Public access to radio as a news source is limited. In the 2016 FPU et al research, pro-government channels dominate, with Sham FM ranking first, but there are a couple of exceptions represented by Radio Fresh and Hawa Smart (respectively, 4th and 9th in the list of most followed radio channels). 

Government-held areas

Syria’s own national broadcasting organisation was founded in 1946 but did not receive much in the way of government funds or attention until the early 1960s. Today, the Baathist-run Directorate-General of Radio and Television operates two radio stations in Arabic: Sawt al-Sha‘b and Idha‘at Dimashq (Radio Damascus), which is the main Arabic-language station and broadcasts from studios in Damascus, with content similar to that of Syria’s state-controlled press. The second station, Sawt al-Sha‘b (Voice of the People) started in 1978. In early 2007, private radio stations began broadcasting in the country after years of state monopoly. Currently, there are two state-run radio-stations and 12 private ones; Al-Madina FM was the first private radio station. Private radio stations can only apply for an entertainment license, therefore cannot transmit news or political content. Some private radios - such as Sawt Shabab, Radio Sham, Suriyatna - focus mainly on social, cultural and arts programmes. 
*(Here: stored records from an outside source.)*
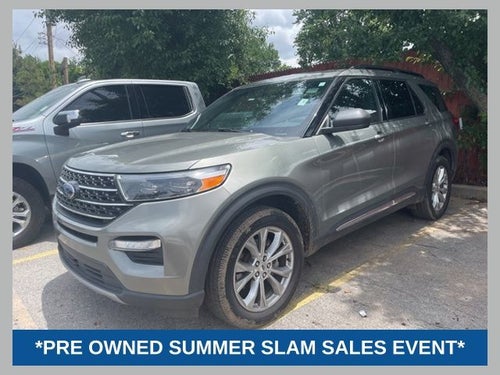 2020 Ford Explorer XLT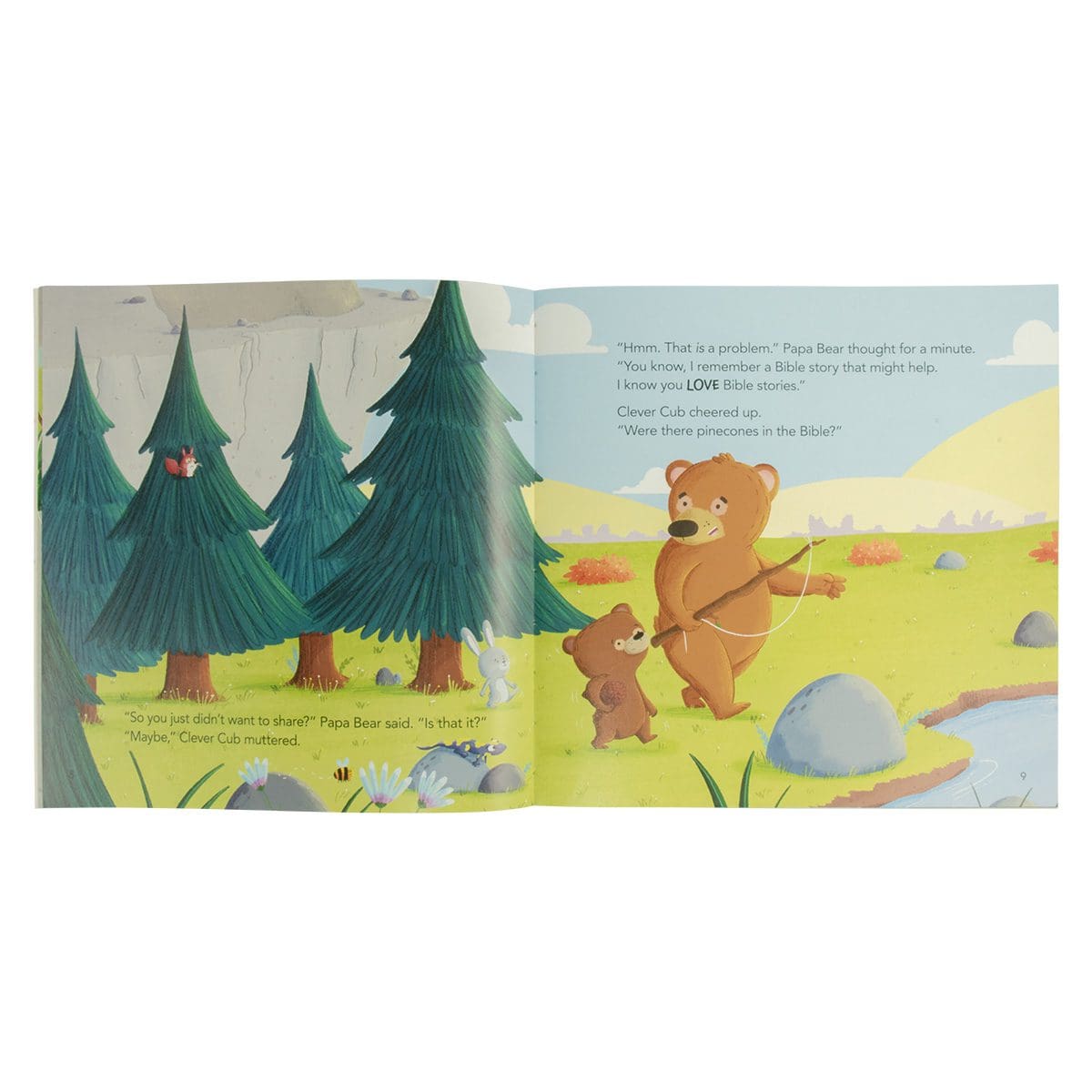 9780638000047_feature3 Clever Cub Learns to Share (Paperback) - Image 5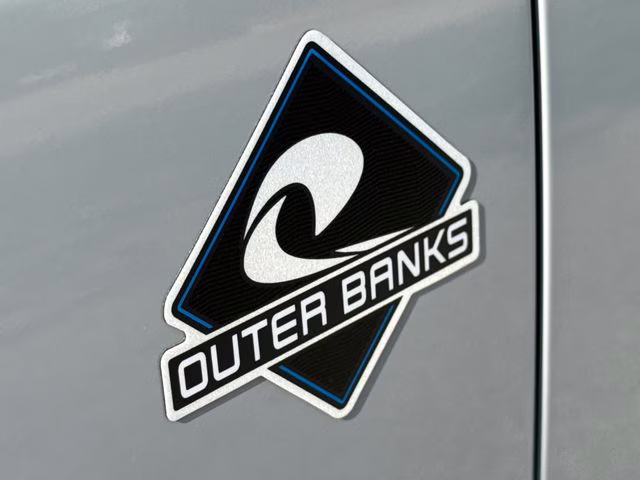 2026 Gray Ford Bronco Outer Banks 4X4 SUV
Opposition-controlled territories

In general, the audience of Syrian independent radio stations is quite limited. The maintenance of the FM transmitters and towers is among the major technical problems for their sustainability. Apart from this, small radios can hardly compete with other bigger organisations and especially TV stations. It is no coincidence that community radios seems to have a deeper impact on the ground. Radio Fresh, based in Kafr Nabl (Idlib), engages with social activities on the ground that apparently contribute to increasing its strength. None of these independent media institutions are registered as radios, though, but they are often registered as commercial and production companies in Turkey (almost all of the radios are based in Gaziantep or Istanbul), or as NGOs in Europe. In this sense, all of them have to be considered “pirate radios” broadcasting without a legal license. Nonetheless, since 2011, Syrian radio stations have gone through a gradual but constant process of institutionalisation and professionalisation. Today only four radios are still without any legal framework: Hara, Ruh, Fresh and Hawa SmArt Of these, Hara is part of the Syrian Media Group, registered in Turkey and Hawa Smart is part of the SMART Network registered in Europe. Fresh is the only Syrian radio based inside Syria, which explains why it is not registered. Ruh is a small radio based on voluntary work and it is less institutionalised than all the other radios. Almost all the independent radios have their main offices outside Syria, even if a lot of stations have opened small offices inside the country, especially to better transmit their signals. Therefore there is the actual risk that they increasingly lose touch with the reality on the ground and with the audience inside the country. 

Kurdish-majority zones

As for other media in Rojava, radio stations aligned with political parties have a higher impact and diffusion than independent ones. However, some Kurdish independent radio stations, such as Radio Arta and to a lesser extent Hevi and Welat can reach larger audiences than those radios lined up with political parties (Orkesh and Judy FM of PYD, or Rudaw Radio of KDP). In particular, according to an informal survey conducted by the Washington-based Navanti Group in September 2015 in Aleppo, Idlib and al-Hasaka governorates, Arta FM appears to be the most listened-to radio station in northern Syria, with a listener share of 69,4 percent  in the Jazira region.